* **Provided records**
* * * * * * *

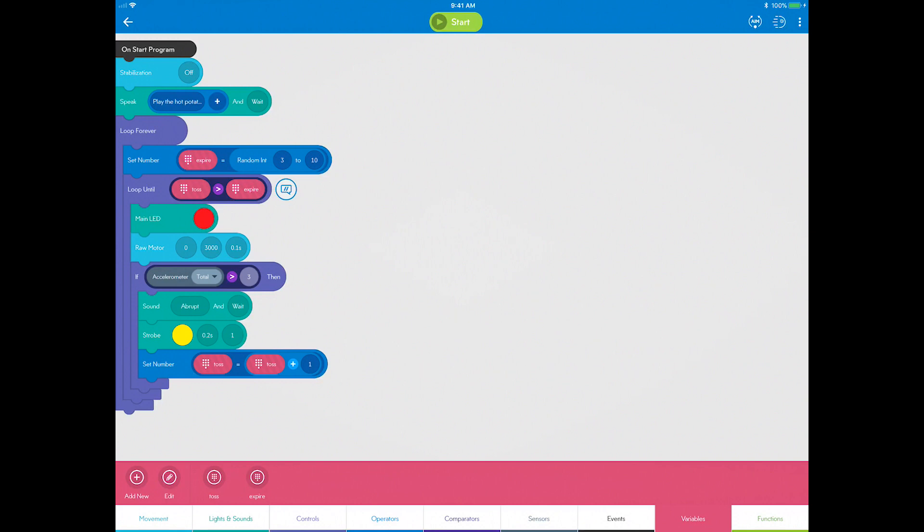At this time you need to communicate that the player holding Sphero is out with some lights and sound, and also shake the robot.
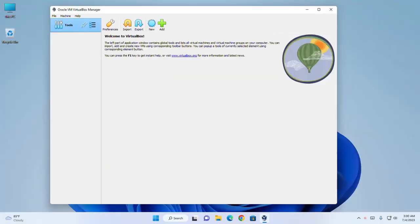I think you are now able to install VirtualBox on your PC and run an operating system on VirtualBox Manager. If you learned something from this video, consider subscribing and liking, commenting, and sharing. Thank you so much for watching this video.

* * * * * * *

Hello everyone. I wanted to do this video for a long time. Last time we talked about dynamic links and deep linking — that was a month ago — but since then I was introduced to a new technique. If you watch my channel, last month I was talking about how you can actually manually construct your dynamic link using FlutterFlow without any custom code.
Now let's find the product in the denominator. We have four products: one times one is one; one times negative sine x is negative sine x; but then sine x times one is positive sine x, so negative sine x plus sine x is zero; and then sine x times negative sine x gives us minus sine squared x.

* * * * * * *

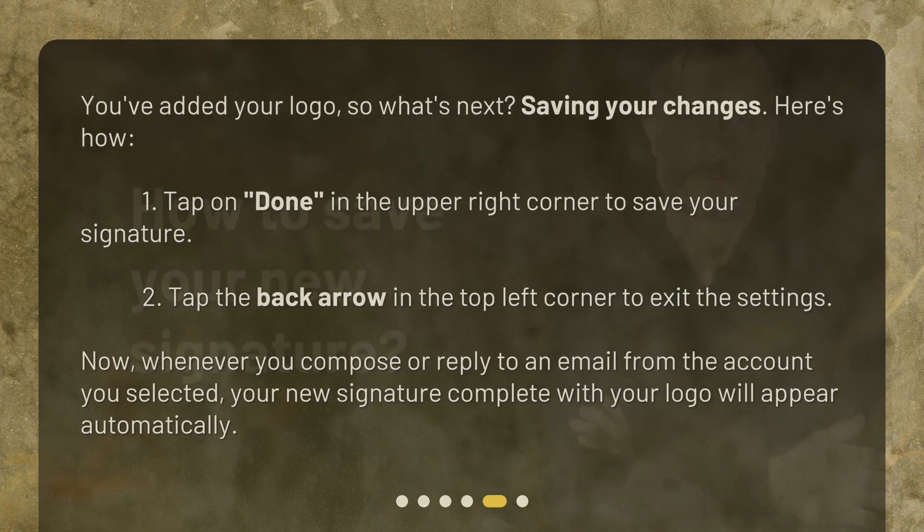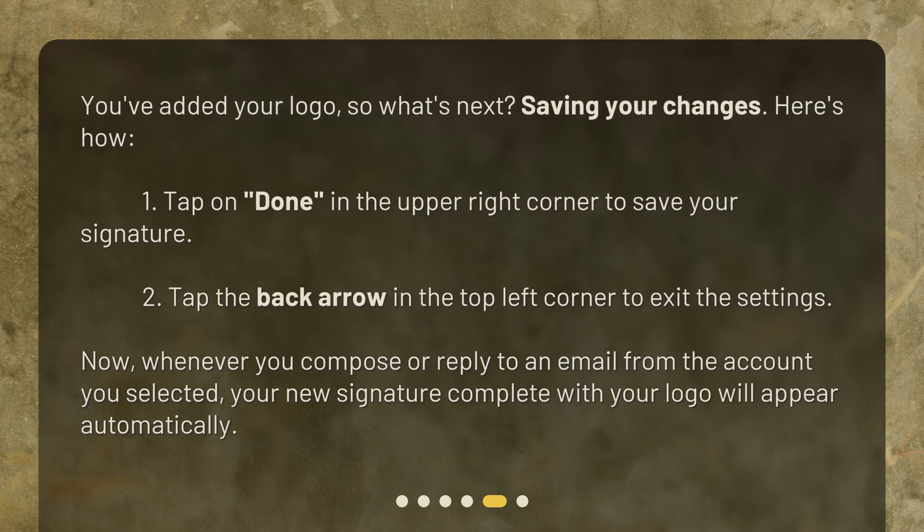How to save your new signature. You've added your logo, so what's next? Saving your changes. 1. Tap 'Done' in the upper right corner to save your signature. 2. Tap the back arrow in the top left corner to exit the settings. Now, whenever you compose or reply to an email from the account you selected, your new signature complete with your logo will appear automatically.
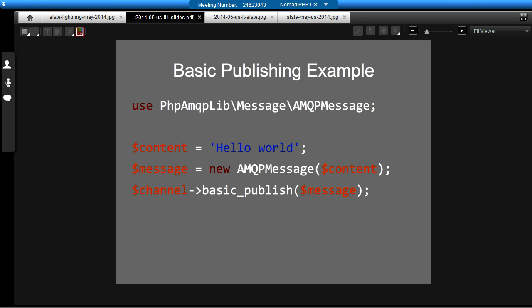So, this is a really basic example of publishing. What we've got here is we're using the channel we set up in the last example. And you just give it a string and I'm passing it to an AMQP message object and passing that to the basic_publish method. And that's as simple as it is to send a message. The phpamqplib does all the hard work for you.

* * * * * * *

* **Work item**
Scan the entries and show every line in which the word "then" is found.

* **Answer below**
Hello everyone. I wanted to do this video for a long time. Last time we talked about dynamic links and deep linking — that was a month ago — but since then I was introduced to a new technique. If you watch my channel, last month I was talking about how you can actually manually construct your dynamic link using FlutterFlow without any custom code.
Now let's find the product in the denominator. We have four products: one times one is one; one times negative sine x is negative sine x; but then sine x times one is positive sine x, so negative sine x plus sine x is zero; and then sine x times negative sine x gives us minus sine squared x.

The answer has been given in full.